Jun 10, 2008 Fourth Circuit sends terrorism case back for resentencing
In this post-Rita, Gall and Kimbrough world, the Fourth Circuit recently reversed the thirty-year sentence of a terrorism convict as too lenient, and seemed to call for the trial judge to look more closely at the sentencing guidelines before deciding whether to depart from them. U.S. v. Abu-Ali, ___ F.3d ___ (June 6, 2008). Although the Supreme Court has made the federal sentencing guidelines voluntary, the guidelines seem to be here to stay, at least for the time being.
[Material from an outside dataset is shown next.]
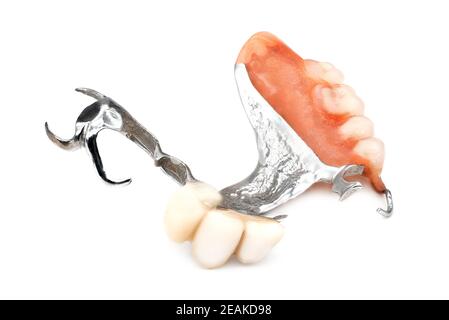Abnehmbare Teilprothese Stockfoto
In reversing the sentencing of Abu Ali, the Fourth Circuit’s two-judge panel majority said:
Given the gravity of Abu Ali’s offense, and the district court’s erroneous application of § 3553(a)(6), we have seen nothing to justify a variance of the degree imposed here. It bears reminding that this is not some mere doctrinal dispute of surpassing abstraction. At some point, the debate risks becoming wholly divorced from the broader reality: that the defendant sought to destabilize our government and to shake it to its core. To this day, he wishes he had succeeded. Not only that, but the defendant gave no discernable thought to the personal loss and heartache that would have been suffered by untold hundreds or thousands of victims, spouses, children, parents, and friends had his plans come to fruition. This is a fact that any sentencing system, not just the United States Sentencing Guidelines, would take into account. It is not too much to ask that a sentencing proceeding not lose sight of the immensity and scale of wanton harm that was and remains Abu Ali’s plain and clear intention. Based on the foregoing circumstances of this case, we find the district court’s significant downward deviation not to be justified. Thus, the sentence imposed must be vacated. While we of course leave the sentencing function to the able offices of the trial court on remand, we trust that any sentence imposed will reflect the full gravity of the situation before us.